My briskets usually "hold" for about 1.5 hours at 165° before it starts climbing to 180-185 within the next hour.  Then it'll plateau for a bit before hitting 192.  I use a WSM 22.5.  I've got 2 wireless internal temp monitors when I have 2 briskets on each grill level (4 briskets total).  I buy the 9-10 lb. briskets untrimmed.  I do score the fat side with a knife in several places and stick a garlic clove into each right against the meat.  I also stop feeding wood to the firebox (charcoal bed) after about the 5th hour.  I've been told the meat will absorb all the smoke it will absorb after 5 hours.

Do any of you put water in the water pan or do you leave it in only to collect drippings?  I normally do a 1/2 and 1/2 of water and cheap apple juice.


----------



## bama bbq (Oct 14, 2013)

I use the water pan to hold the terra cotta clay flower pot saucer. I use a drip pan in the water as well when using both racks, and place the drip pan on the lower rack when using the top rack only.


----------



## jirodriguez (Oct 14, 2013)

Keep in mind that the temps on the racks are different than the temps on the lid therm. The lid therm could be accurate, and still not be giving you your true chamber temps. If you have a calibrated probe therm do the following:

Cut a potato in half and push the probe therm all the way through it so that at leas 1/3 of the point is sticking out the end.

Get your smoker running at 250° according to the lid therm.

Place the probe on the upper rack and let the smoker stabalize at 250° again - wait untill the probe therm stops going up, make a note of the probe therm temp.

Repeat process with the lower rack.

What you will probably find out is that the temps on each rack are slightly different, and that they both vary from the lid. So once you know what the variation is you can then use the lid therm as a rule of thumb guide, mentally adjusting for each rack.

Also keep in mind the WSM cooks hotter for the first 8-10 smokes, once you have a nice layer of seasoning built up it will seal all the joints and openings better and not run quite as hot.

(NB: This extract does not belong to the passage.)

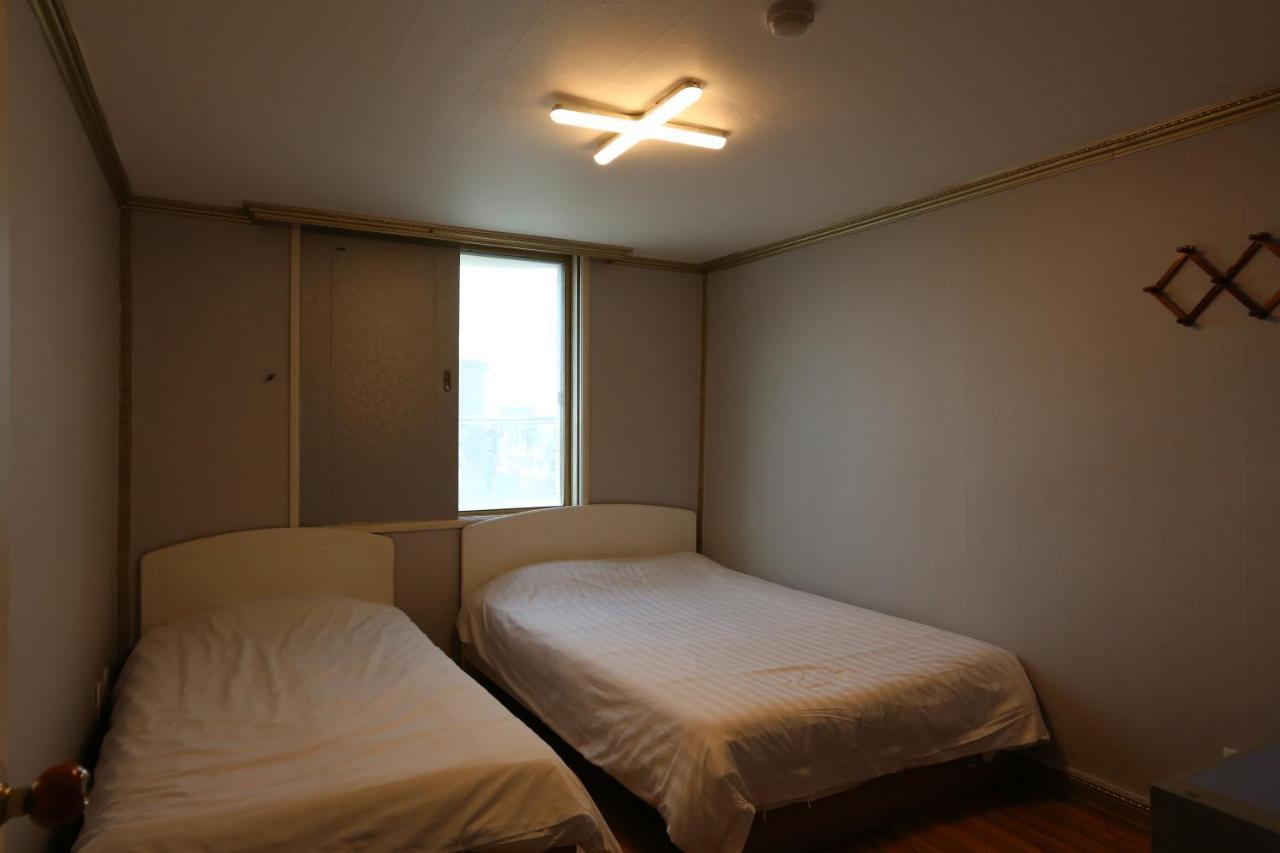 Emerald Ace Hotel Jeju Buitenkant foto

All in all you can't go wrong with a WSM, I have had my 22.5" for several years, I use it year round in all kinds of weather and couldn't be happier!


----------



## bugz13 (Oct 14, 2013)

What thermometer are you using to track the smoker temperature and where are you placing the probe? Can make a big difference.


----------



## dumasbro2 (Oct 15, 2013)

My 22 1/2 dome temperature gauge runs about 15 degrees cooler than the grate temperature. My butts do run close to 1 1/2 per pound at 225 (+/- 10) grate temp. Don't be too stuck on the pound and a half per hour, trust the meat temp and you'll be fine. The last ones I did stalled out at 160 for several hours, then creeped up very slowly. I  ran out of charcoal (normally would have been enough) so after about 15 hours I just finished the last 10 degrees in the oven. Was some of the best butt I've done.


----------